Если бы война была конкурсом на самое дерзкое проникновение в зону боевых действий, Марта Геллхорн взяла бы золото безоговорочно. В 1944 году, когда мир затаил дыхание перед высадкой союзников в Нормандии, эта женщина решила, что стандартные аккредитации военкоров — для слабаков. Вместо того чтобы ждать разрешения, она тайком пробралась на борт госпитального корабля, спрятавшись в туалете, как героиня шпионского романа, которой надоело ждать приглашения на главную роль. Так Марта стала единственной женщиной-журналисткой, освещавшей День Д из эпицентра событий, оставив коллег-мужчин грызть карандаши от зависти где-то на берегу.

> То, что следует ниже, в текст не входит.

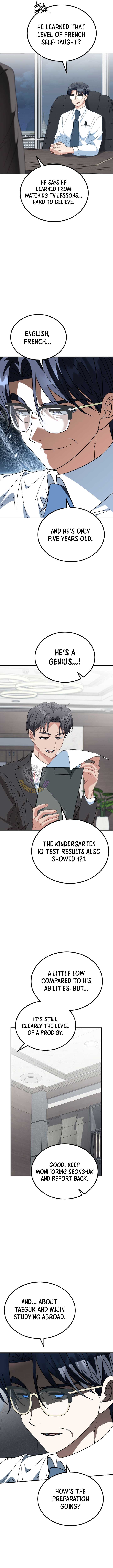 I Will Raise This Family Up Chapter 41 52 ch 41 10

К слову, ее статус «жены Хемингуэя» в этой истории — как табличка «не беспокоить» на двери номера в отеле: все видят, но мало кто понимает, что за ней происходит. Эрнест Хемингуэй, тогда уже звезда литературного мира, сам готовился к репортажам о высадке, но Марта не собиралась делить славу или ждать, пока муж одобрит ее планы. Их брак трещал по швам, и, кажется, побег на войну стал для Геллхорн не только журналистской миссией, но и способом сбежать от роли «тени великого писателя». Хемингуэй позднее язвительно заметил, что единственное место, где они еще могли встретиться, — это поле боя.
История ее прорыва на корабль достойна учебника по нетривиальным решениям. Пока другие журналисты толпились в очередях за разрешениями, Марта, облачившись в платье медсестры (костюм, который она сочла достаточно невидимым для военных чиновников), проскользнула на борт. Никаких дронов, скрытых камер или поддельных документов — только смекалка и чистой воды наглость. Когда корабль отплыл, а ее обнаружили, было уже поздно возвращаться. Капитан махнул рукой, решив, что раз уж война — дело рискованное, то одна лишняя журналистка в туалете ситуацию не усугубит.
Но Геллхорн не просто «присутствовала». Она сделала то, что умела лучше всего: писала о людях. Ее репортажи с корабля были не о стратегиях генералов, а о раненых солдатах, медсестрах и страхе, который пахнет антисептиком. В то время как коллеги-мужчины соревновались в описании количества танков, Марта рассказывала, как дрожали руки у медиков, перевязывающих раны под грохот волн. Возможно, именно это и сделало ее легендой: она смотрела на войну не через прицел, а через человеческие глаза.
Комичность ситуации в том, что военные чины потом долго чесали затылки, пытаясь понять, как женщина умудрилась их переиграть. Правила запрещали женщинам находиться на передовой, но никто не догадался запретить им прятаться в корабельных уборных. Так Марта невольно стала пионером гендерного равенства в журналистике: если дверь перед тобой закрыта, найди окно. Или, в ее случае, туалетный люк.
После войны Геллхорн продолжила карьеру, освещая конфликты от Вьетнама до Сальвадора, доказывая, что День Д был не случайным трюком, а стартовой точкой. А Хемингуэй? Он в итоге назвал ее «самой храброй человеком, которого знал», что для писателя, создавшего образы супермачо, было почти признанием поражения. В конце концов, это Марта, а не Эрнест, вошла в историю как единственная женщина, которая увидела Нормандию не с безопасного расстояния, а сквозь туман войны — и рассказала о ней так, что мир до сих пор вспоминает не только дату, но и имя той, кто не спросила разрешения.